## Dataset content
——————————
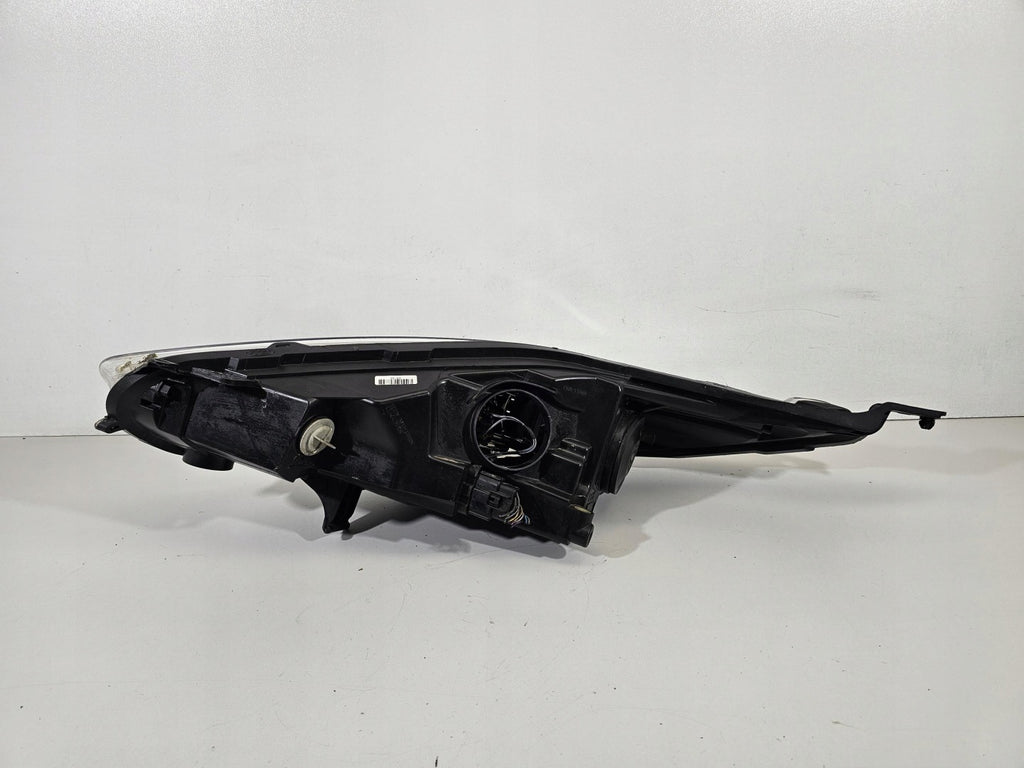 Frontscheinwerfer Ford Fiesta I VII 12395820935235 Rechts Scheinwerfer Headlight SCH8190909044do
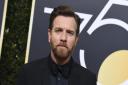Ewan McGregor: People in Scotland tell me to 'remember where I come from'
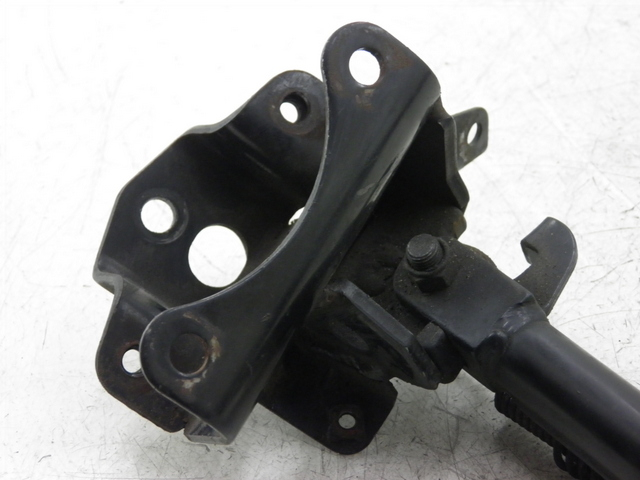 photo de CABALLETE LATERAL SUZUKI BURGMAN EXECUTIVE 650 (2008 - 2010)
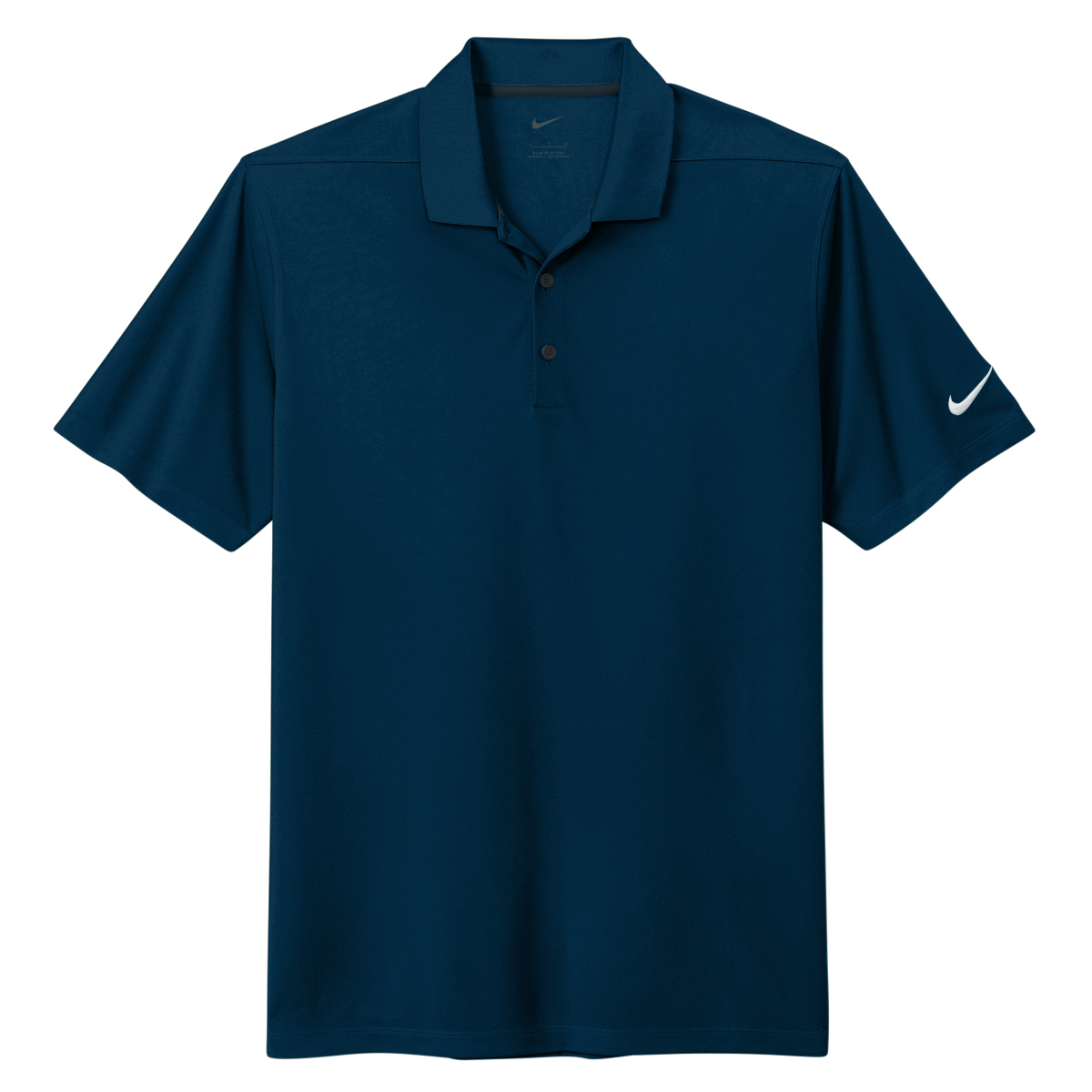 Tall Nike Dri-FIT Micro Pique 2.0 Polo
——————————
In your answer, repeat the material above in full, exactly, and without its pictures.

## Your response
 Frontscheinwerfer Ford Fiesta I VII 12395820935235 Rechts Scheinwerfer Headlight SCH8190909044do
Ewan McGregor: People in Scotland tell me to 'remember where I come from'
 photo de CABALLETE LATERAL SUZUKI BURGMAN EXECUTIVE 650 (2008 - 2010)
 Tall Nike Dri-FIT Micro Pique 2.0 Polo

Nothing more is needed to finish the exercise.